As digressões da narradora se infiltram durante monólogos de outros personagens e também durante seus próprios, além de interromper linhas de pensamentos para acrescentar uma informação, seja relevante ou não. Isso se torna um trunfo no entretenimento da obra, os devaneios e suposições são tão bons, e tão convincentes, que se deve ficar atento quando voltamos de um travessão ou aspas inserido por Maria. Essas elucidações e epifanias são resultados do vouyerismo praticado pela personagem e presente em passagens – como a do hotel – de Coração tão branco e em diversos contos de Quando fui mortal, ambos de Javier Marías. Observadores do cotidiano, questionando atos, admirando o amor e também a violência, muitas vezes no campo das ideias – como ocorre com Maria ao imaginar como foram os últimos minutos de Miguel Desvern ao ser apunhalado – e verbal. É viciante a forma de pensar da narradora, os elos que cria entre a realidade e suas deduções. Por exemplo, para explicar o que a viúva pensa sobre o que passou pela mente de seu marido antes dele morrer, no dia de seu aniversário. Ou como Miguel deixa de existir após a morte, vão junto dele o nome e as lembranças, e nem mesmo o último lampejo de pensamento poderá ser recuperado por terceiros – só na imaginação, talvez.

O livro aborda vários tipos de amor, ou melhor, do enamorar – do tomar para si. Do platônico ao carnal, do patético ao obsessivo. Onírico e melancólico. Maria Dolz  observa de longe o ato de enamorar até encontrar-se em um.
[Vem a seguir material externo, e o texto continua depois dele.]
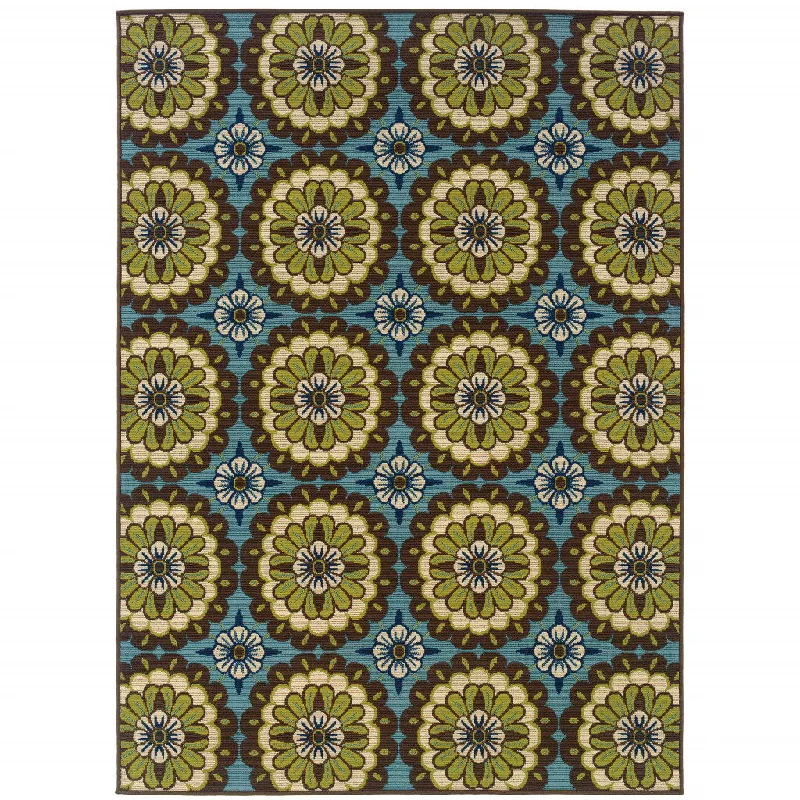 2' X 4' Floral Stain Resistant Indoor & Outdoor Area Rug - Green / Blue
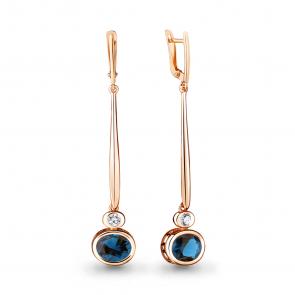 Серьги из золочёного серебра AQUAMARINE с фианитом и Лондон топазом А4720393А-п фото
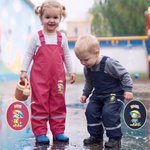 Personalisierte Matschhose mit Tiermotiven Namen | verstellbare Träger | Erstausstattung für den Kita-Start | Geschenk für Kindergartenkinder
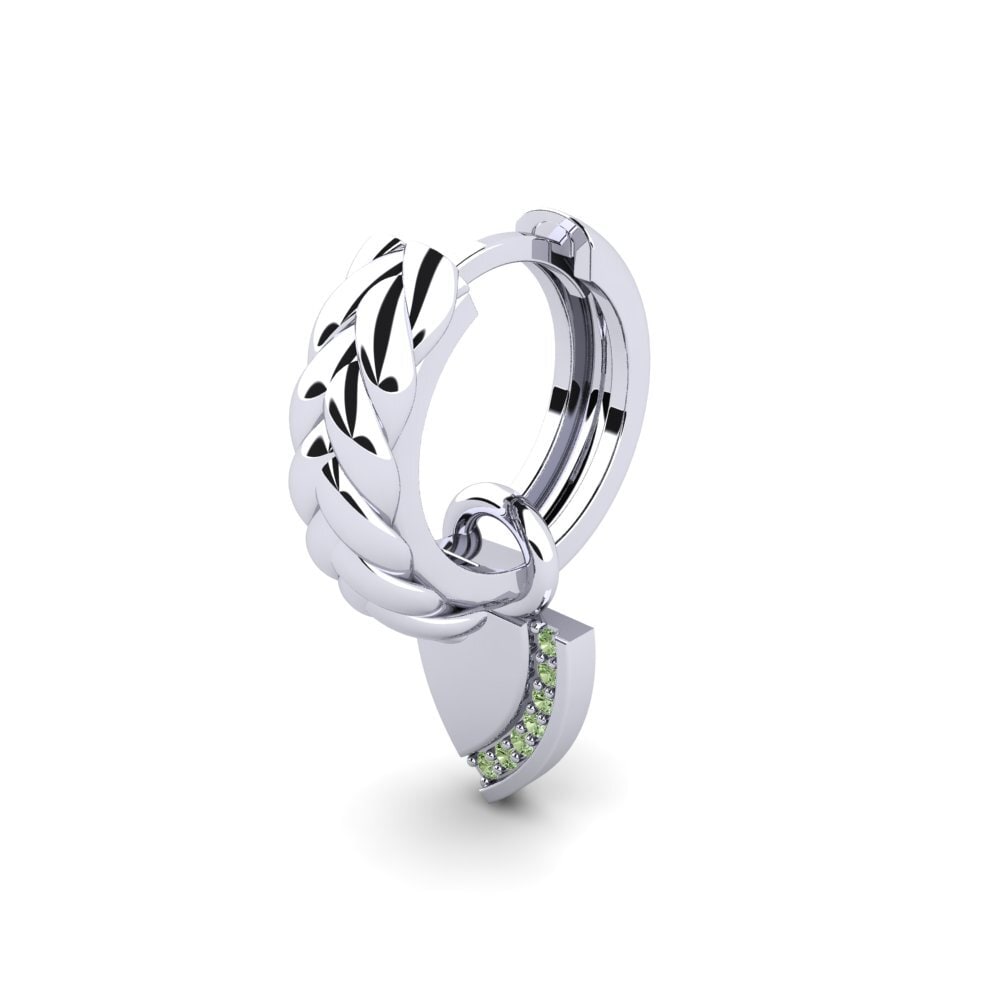 18k Oro Blanco Diamante Verde Pendiente para hombre Mezieres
Ela se nega a aceitar a situação de estar enamorada e vive um dilema de não questionar e aceitar ser uma mera amante. De tão conformada com essa circunstância não assume intimidade alguma, inclusive chama seu amásio somente pelo sobrenome. Como os pensamentos da narradora estão em aberto, é possível saber a eterna berlinda em que se encontra: sabe que o homem por quem está apaixonada não a quer e continua a ir para a cama com ele sem saber se voltará em outra ocasião. O caso da viúva é bem mais triste. Notar a ausência de Desvern impregnada ao lado de Luisa e a desorientação que ela sente, sempre falando no presente com a primeira pessoa do plural, é tocante. Quando comenta sobre os filhos é menos sensível e muito mais crua do que dá para se imaginar.

Javier Marías transforma a verborragia em labirinto, levando e trazendo assuntos a todo o momento e a cada nova linha, sem mostrar a saída. Um fluxo de consciência em vários momentos, um pouco desconexo, mas resumido brilhantemente em duas ou três palavras ao final do raciocínio – no melhor estilo Adorno da ficção. Na divisão de pensamentos de sua personagem principal, aparece o melhor amigo de Desvern, Javier Díaz-Varela. Um homem muito belo, solteiro convicto que cria uma ponte entre a morte e a presença dos mortos no plano terreno, comparando a história de O coronel Chabert (o livro de Balzac vem junto a edição brasileira de Os enamoramentos) com citações de MacBeth, para atormentar, perturbar e mexer mais ainda com os pensamentos da protagonista. Os embates das conversas entre Maria e Javier dão um tom delicioso para a narrativa. Aliás, os diálogos extensos de Os enamoramentos são um aperitivo à parte e quase imbatíveis por criarem a tridimensionalidade dos personagens. Não é determinante, portanto, a solução do mistério, do suspense, mas até onde ele pode levar seus personagens.

Os enamoramentos muitas vezes desperta a vontade de ler em voz alta e também de tentar burlar o labirinto, mas o caos superlativo da narrativa é necessário, felizmente. Maria Dolz arrebata, prende e alivia tudo em uma espiral, ou furacão, de palavras e devaneios. Javier Marías não é dos ficcionistas mais fáceis de ser lido, tampouco é dos mais difíceis. É preciso maturidade e atenção. A escrita segue uma linha de raciocínio lógico, mesmo que não aparente de início, que prende a cada vírgula, a cada dois pontos e a cada travessão. Uma experiência de narrativa indescritível que aborda o amor, esse assunto muito debatido na literatura, mas sem se entregar aos lugares-comuns.